Captivity Stories

 

 

CAPTAIN BAKER and MADAM LeBEAU

 

Source: History of Lynn MA, by Lewis p. 117, 118

Captain Thomas Baker, son of Timothy, just named, [a prominent man of Northampton] and of course a grandson of Edward, the early Lynn settler, was taken captive by the Indians, at Deerfield, on the terrible night of 29 Feb. 1704, and carried to Canada. He, however, the next year, succeeded in effecting his escape. In or about the year 1715, he married (the widow) Madam Le Beau, whose name figures somewhat in the history of that period.

And the lives of both husband and wife furnish touching and romantic passages. She was a daughter of Richard Otis, of Dover, N. H., who, with one son and one daughter, was killed by the Indians on the night of 27 June, 1689, at the time they destroyed the place. She was then an infant of three months, and was, with her mother, carried captive to Canada and sold to the French. The priests took her, baptised her, and gave her the name of Christine. They educated her in the Romish faith, and she passed some time in a nunnery, not, however, taking the veil.

At the age of sixteen she was married to a Frenchman, thus becoming Madam Le Beau, and became the mother of two or three children. Her husband died about 1713. And it was very soon after that her future husband, Capt. Baker, appears to have fallen in with her. He was attached to the commission detailed by Gov. Dudley, under John Stoddard and John Williams for the purpose of negotiating with the Marquis de Vaudreuil for the release of prisoners and to settle certain other matters, and went to Canada. From Stoddard's journal it appears that there was much trouble in procuring her release, and when it was obtained, her children were not allowed to go with her. Her mother was also opposed to her leaving Canada.

After her return, Christine married Capt. Baker, and they went to reside at Brookfield, where they remained till 1733. They had several children, and among their descendants is Hon. John Wentworth, late member of Congress from Illinois. She became a protestant after marrying Capt. Baker, and substituted the name Margaret for Christine, though later in life she seems to have again adopted the latter. In 1727, her former confes- sor, Father Siguenot wrote her a gracious letter, expressing a high opinion of her and warning her against swerving from the faith in which she had been educated, (but not born to).
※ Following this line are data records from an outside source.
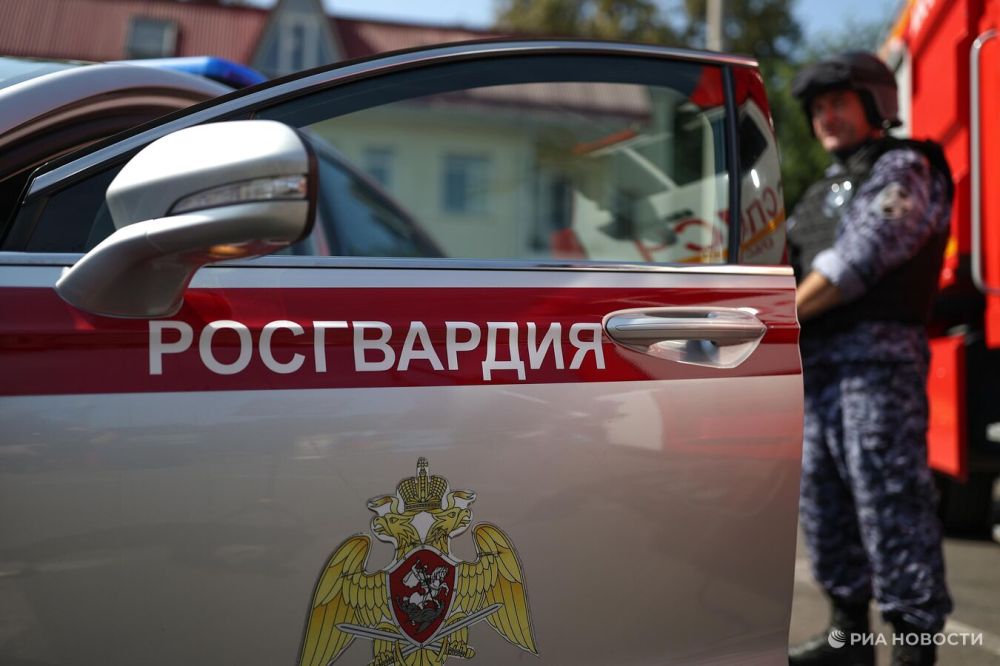 � ��� ���������� ���������� ������ � ����������� � ����������� ���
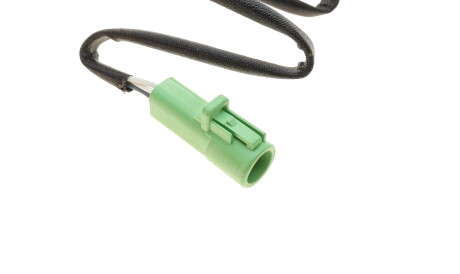 Фото 3 - Лямбда зонд FEBI BILSTEIN 175955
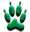 patte_verte_s.png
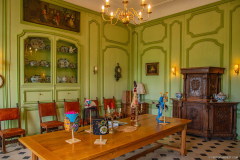 ChateaudePange002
He mentions the happy death of a daughter of hers who had married and lived in Quebec and also speaks of her mother, then living, and the wife of a Frenchman. This letter was shown to Gov. Burnet, and he wrote to her a forcible reply to the arguments it contained in favor of Romanism. And there are, or recently were, three copies of the letter and reply, in the Boston Atheneum. The mother of Christine had children by her French husband, and Philip, Christine's half-brother, visited her at Brookfield.

All the children of Capt. Baker and Christine, seven or eight in number, excepting the first, who was a daughter, bearing her mother's name, were born in Brookfield. There is no reason to doubt that the connection was a happy one. They held a very respectable position, and he was the first representative from Brookfield. He was, indeed, once tried before the Superior Court, at Springfield, in 1727, for blasphemy; but the jury acquitted him. The offence consisted in his remarking, while discoursing on God's providence in allowing Joseph Jennings, of Brookfield, to be made a justice of the peace: "If I had been with the Almighty I would have taught him better."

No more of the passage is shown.